O desaparecimento do Café de Borges e Saint-Exupéry

Fonte: Atualizado: sábado, 31 de maio de 2014 às 9:29

  O desaparecimento do Café Richmond, frequentado por grandes nomes da literatura, como Saint-Exupéry, Jorge Luis Borges, Julio Cortazar ou Graham Greene, ameaçado de ser transformado em loja de roupas esportivas, vem escandalizando a Argentina.

"Era lá que Borges relia seus textos", declarou nesta quinta-feira à AFP a viúva do escritor, Maria Kodama, fazendo um apelo às autoridades a tomar as medidas necessárias para que o café "continue a funcionar" como antes. "É meu desejo", disse ela.

Segundo Maria Kodama, um local que faz parte da história literária do país não deveria desaparecer". "É doloroso", comentou.

No centro de Buenos Aires, através das vidraças pintadas de branco para esconder a sala totalmente vazia, percebe-se, apenas, sete ou oito das famosas poltronas inglesas forradas de couro: mais de cem delas foram retiradas à noite, como as mesas Thonet de época.

"As pessoas estão em alerta: param, olham o interior e permanecem longos minutos no local", observou um policial colocado na entrada do estabelecimento, por ordem judicial.

O fechamento de surpresa, na madrugada de domingo, 14 de agosto, do café da rua Florida, eternizado em "Marella", por Julio Cortazar e em "O Cônsul Honorário" (1973) por Graham Greene, não cessa de provocar protestos.

A Nike Argentina diz "nada saber desta decisão", sem desmentir, no entanto, a intenção de instalar uma loja no lugar do café. "As lojas Nike sont cedidas por franquia", precisou a filial do grupo americano.

Não se sabe quem é o novo proprietário do local porque optou, por enquanto, em não se apresentar.

Para Teresa de Anchorena, da Comissão de Monumentos, o ministro da Cultura da Cidade de Buenos Aires, Hernan Lombardi, tinha a obrigação de intervir para proteger o Café. "Ele não o fez", lamentou ela.

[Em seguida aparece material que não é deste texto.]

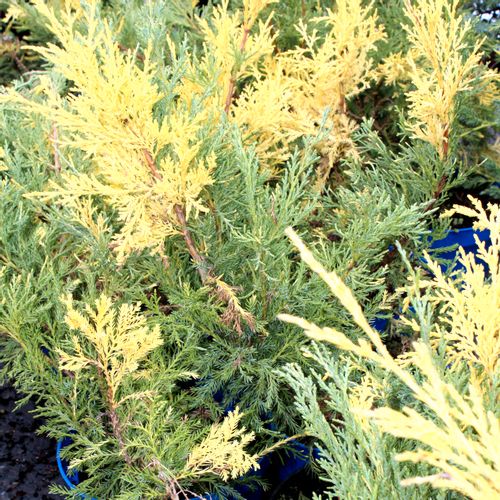 Borovica Juniperus x-media "Blue 'n Gold" c2 slika 2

O dirigente da ONG "Basta de demolir", Santiago Pusso, pensa, inclusive, em entrar com uma queixa contra Lombardi, "por ter faltado com seus deveres de funcionário".

Um local tombado Tombado pelo Estado e datando de 1917, o Richmond é um local muito caro à memória da França e sua legendária 'Aéropostale', correio aéreo. Antoine de Saint-Exupéry e Jean Mermoz tinham o hábito de se refazer das longas viagens frequentando a sala do andar térreo e jogar bilhar no subsolo.

O autor de "Vol de nuit", Voo noturno, morava a dois passos dali, num "pequeno e agradável apartamento mobiliado" da Galeria Güemes, na mesma rua Florida, como escreveu à mãe, no dia 20 de novembro de 1929.

O Richmond é, também, um patrimônio de grande valor para a Bélgica, uma vez que a decoração, com os lambris de madeira, são uma obra-prima do arquiteto belga Jules Dormal, que dirigiu também os trabalhos de construção do Teatro Colon, a ópera argentina.

Ainda há tempo de salvá-lo?

"Não se pode obrigar um proprietário a preservar um determinado tipo de negócio", escreveu Lombardi sobre o Richmond, num momento em que os defensores do patrimônio citam, justamente, uma lei que preserva a atividade dos cafés tombados.

"Os proprietários já retiraram os móveis", disse à AFP um porta-voz do ministro. "Tentamos negociar com eles", acrescentou, de forma evasiva.

Um magistrado, Fernando Juan Lima, acionado por um deputado de Buenos Aires, Maria José Lubertino, ordenou a volta da mobília, assim como uma vigilância policial permanente diante do Café.

"O que está em jogo é do interesse geral", citou uma fonte do judiciário ligada ao dossiê.